Better Systems
I enjoy creating tools and processes that remove friction, improve workflow, and make technical environments work better for the people using them every day.
Some Guy In Baltimore
About • Bio • Background
My path into technology was shaped by movement, discipline, early responsibility, and an obsession with computers that started young. This page fills in the story behind the work.
I was born in Heidelberg, Germany to two Army parents, so naturally my early life was shaped by movement, discipline, and learning how to adapt quickly. After moving around a lot, living on military bases in places like New Jersey, and Hawaii, we eventually settled in Baltimore, a city that has had a lasting influence on who I am. Growing up fast, taking on responsibility early, and looking after family at a young age gave me a mindset built around resilience, patience, curiosity and figuring things out.
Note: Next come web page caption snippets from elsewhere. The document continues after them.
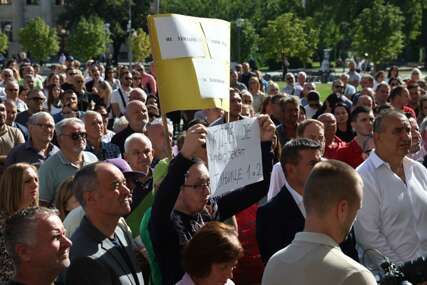 Protesti ispred Gradske uprave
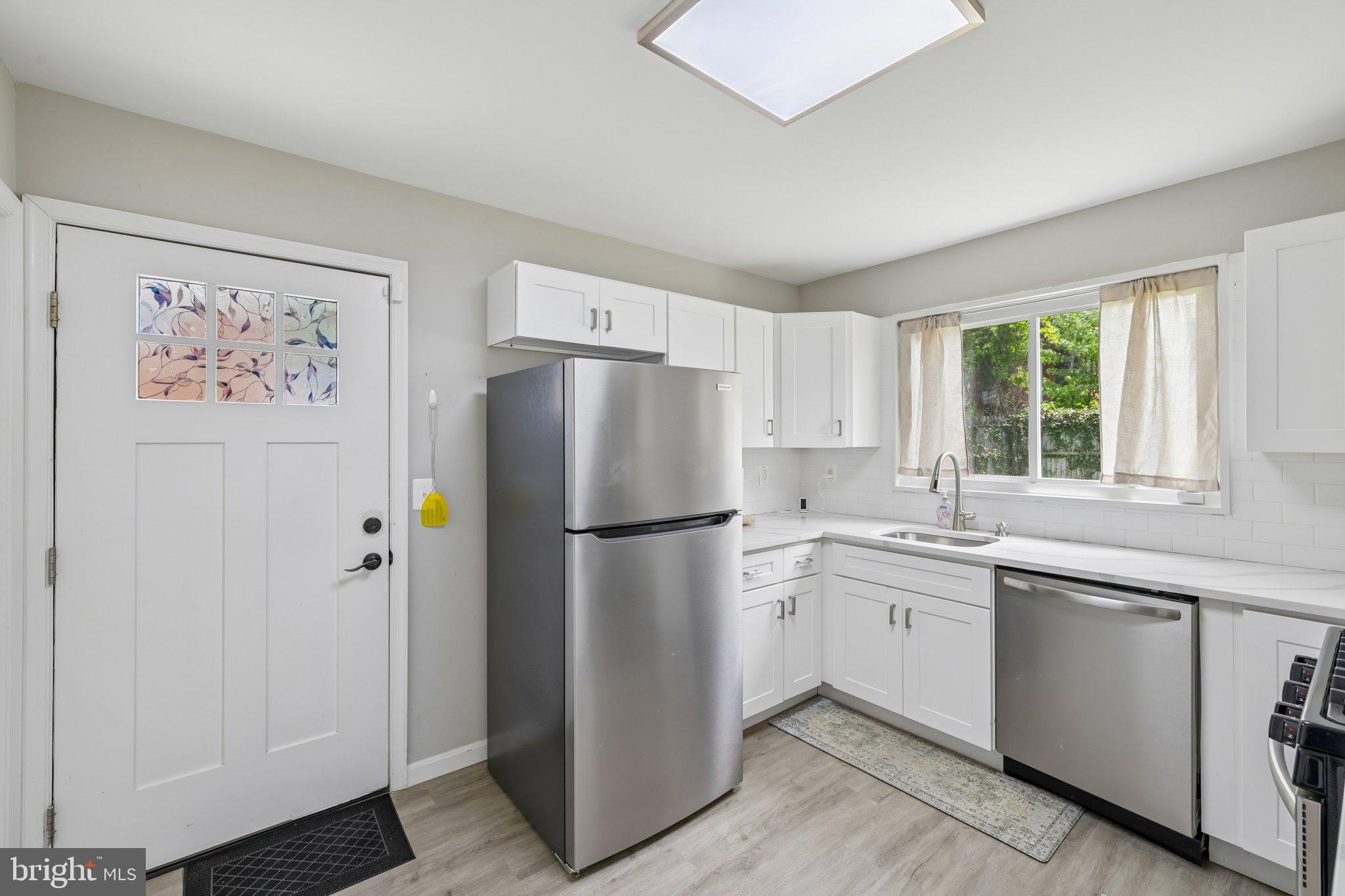 933 Prestwood Road Catonsville, MD 21228 - Photo 15 of 34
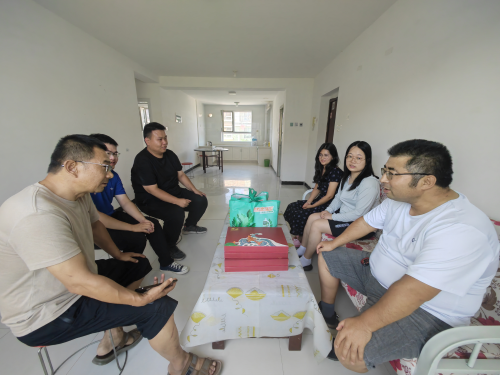 走访看望照片 1.png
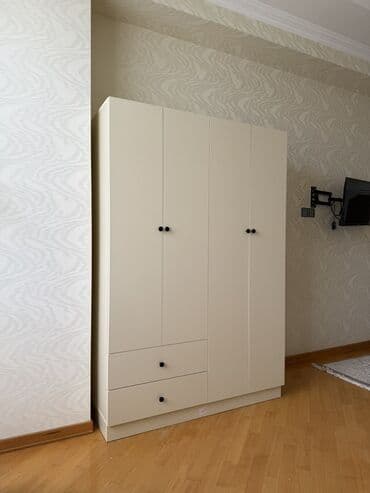 Asılqanlar: Açılan, 3 qapılı Düz dolab, Qarderob, paltar dolabı — 2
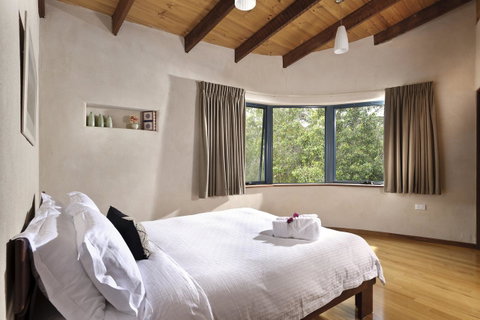 Aiyana Retreat - Inverell Accommodation 12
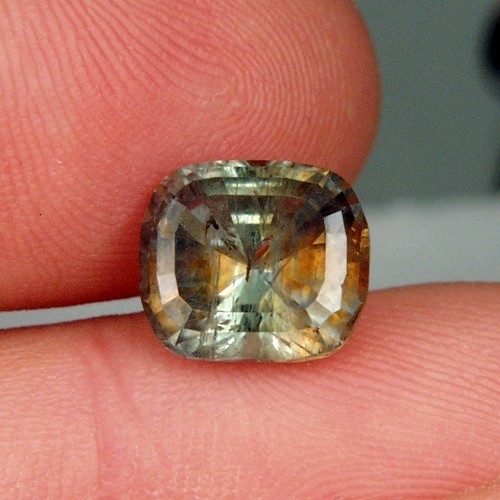 Top Cut Huge and Natural Montana Sapphire 6.57 ct  Litnon.com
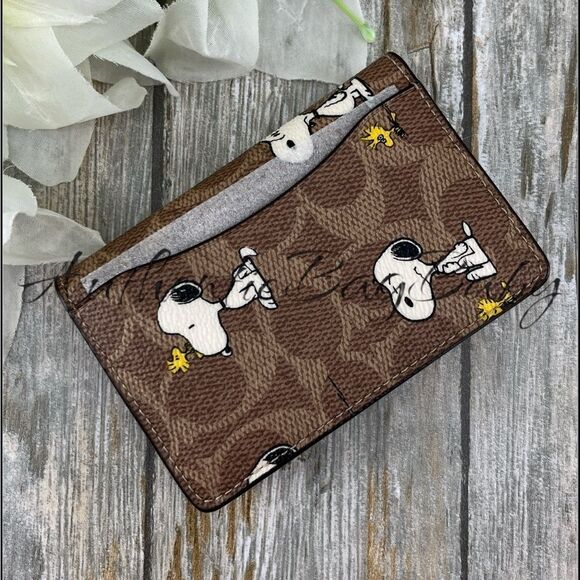 Coach X Peanuts Id Card Wallet In Signature Canvas With Snoopy Print Limited - Picture 2 of 5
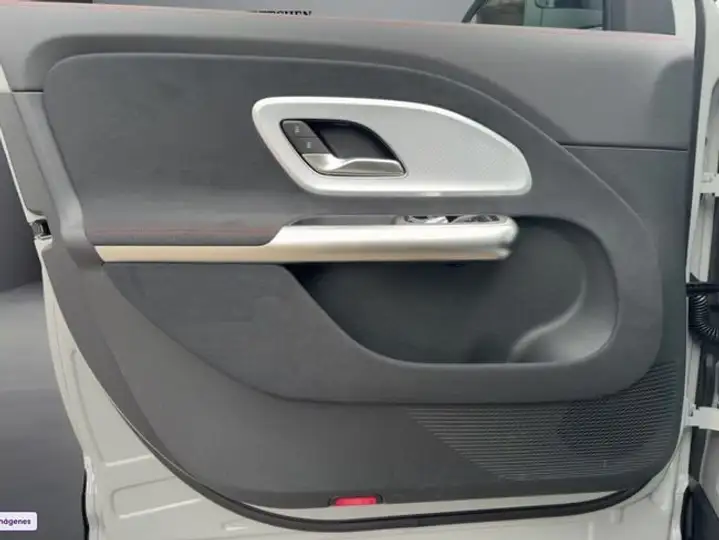 Mercedes-Benz GLB 2026, foto 19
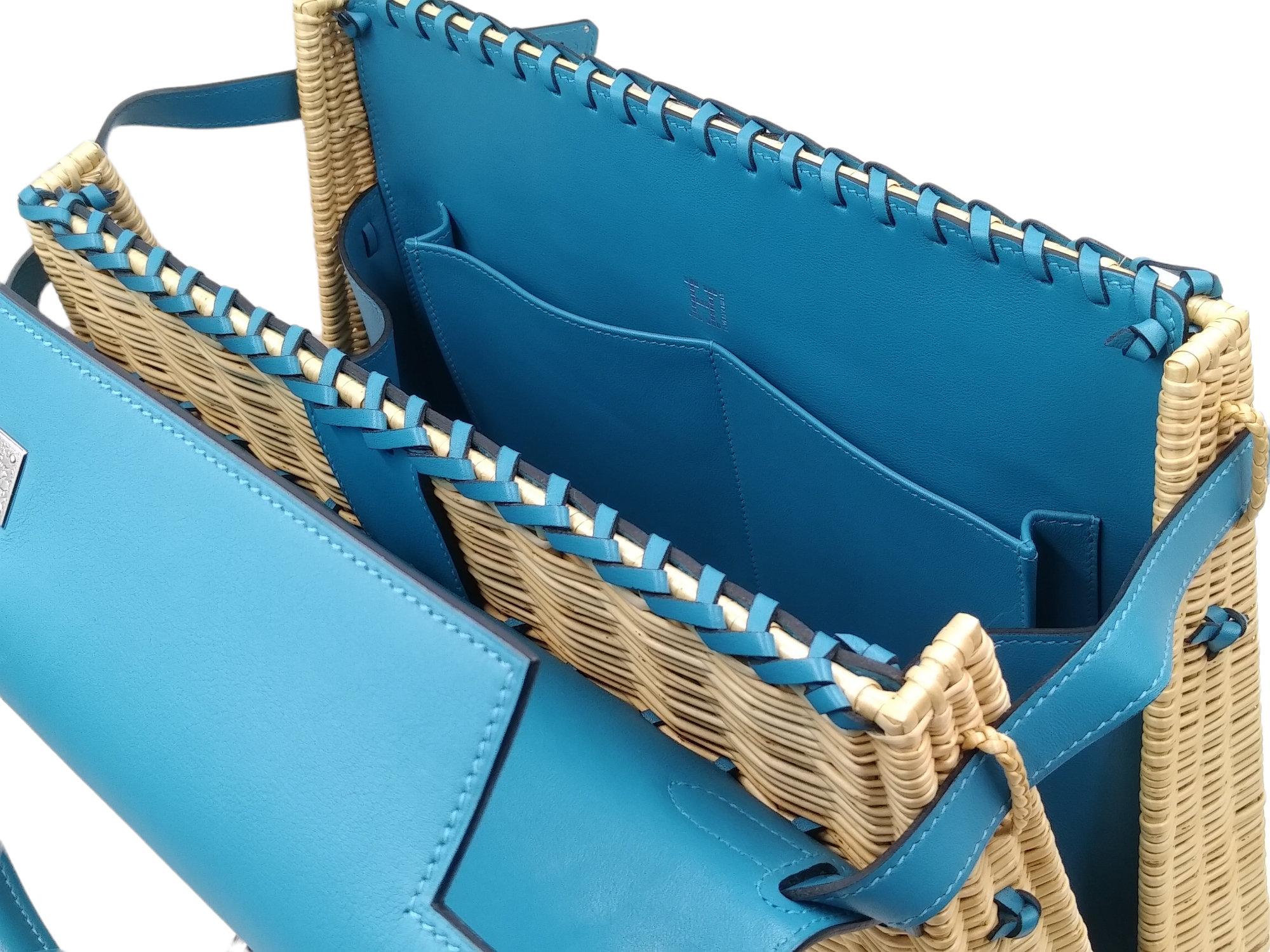 Hermès Wicker and Turquoise Barenia Leather Picnic Bag Kelly 35cm  For Sale 4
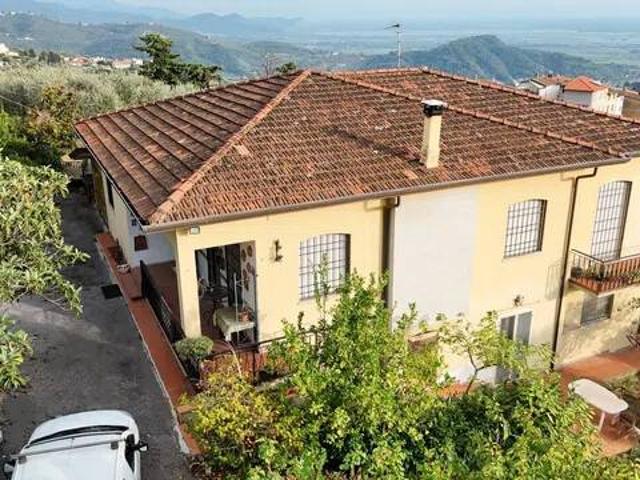 Villa Indipendente in vendita a Corsanico, Massarosa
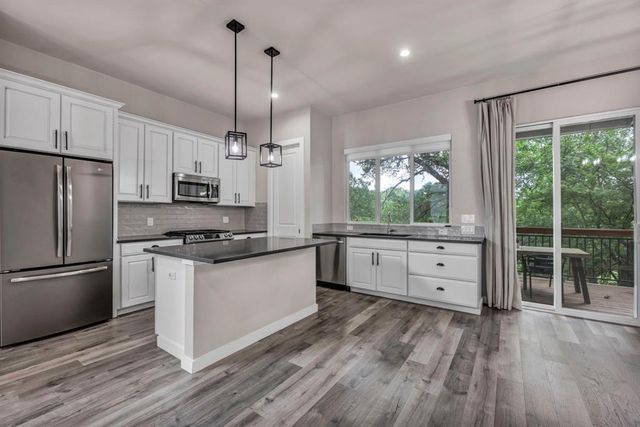 1107 Lott Ave A, Austin, TX 78721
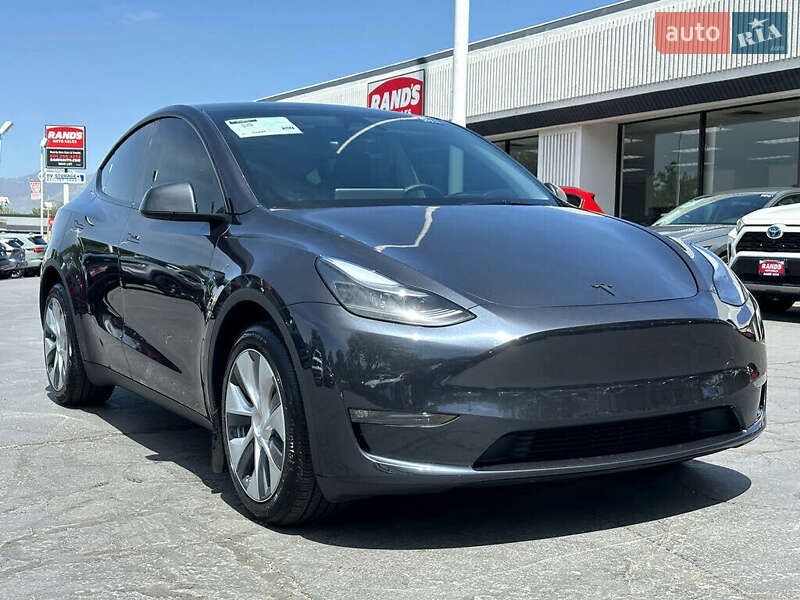 Внедорожник / Кроссовер Tesla Model Y 2024 в 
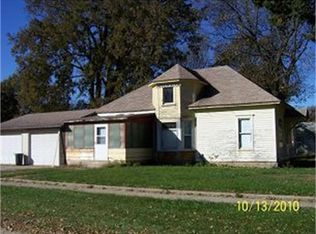 317 Hackberry St, Correctionville, IA 51016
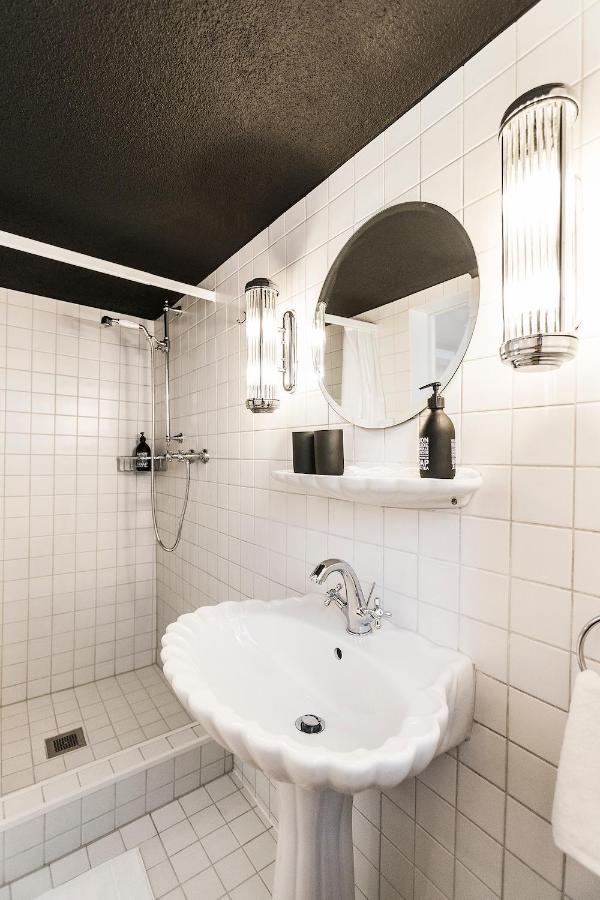 Montmartre Hotel ซูริก ภายนอก รูปภาพ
That mindset found its natural home in computers. Once I found the internet, I was hooked. I spent every chance I had learning, exploring, and understanding how the internet and operating systems worked. Unbeknownst to me, early interests in sci-fi movies, hacking, and phreaking became the foundation for a lifelong passion for technology. What started as curiosity turned into a career built on solving problems, improving systems, and helping people get more from the tools they rely on.
Today, I work as a Senior Technical Support Analyst at Johns Hopkins University, where I often operate beyond the traditional boundaries of my scope of support. Over the last decade, I have taken on responsibilities that stretch into LAN and systems administration, automation, Apple-focused technical support escalations, service operations, technician training, and workflow design. I also work a second job at Amazon Web Services as an IT Support Associate II, supporting a wide range of technical issues in a high-demand environment.
I'm a self-taught IT generalist, with a background in web development and IT support. While some formal Apple Support training played an important role early in my career, my skills are largely shaped by hands-on experimentation and real-world work scenarios. I bring a mix of technical range, patience, problem-solving, unending curiosity, and a strong bias for action. I care deeply about building better tools, fixing broken systems, improving workflows, and making technology more effective for the people depending on it.
I enjoy creating tools and processes that remove friction, improve workflow, and make technical environments work better for the people using them every day.
Whether the issue is urgent troubleshooting, long-term systems design, or a broken process that needs rethinking, I like identifying the real problem and moving toward a practical fix.
One of the most important lessons I carried forward from Apple was customer obsession. I believe good technical work starts with understanding who the customer is and solving for their real needs.
I'm currently studying Cybersecurity Technology, competing with my school's cyber team, and continuing to build toward work that combines technical depth, practical impact, and stronger systems thinking.
I'm still building toward the next stage of my career, but the direction is clear. I want to keep growing into work that values technical depth, practical problem solving, and the ability to engineer better systems for real people and real environments.
This site is part of that path: a place to document the work, the thinking behind it, and the projects that continue to move me forward.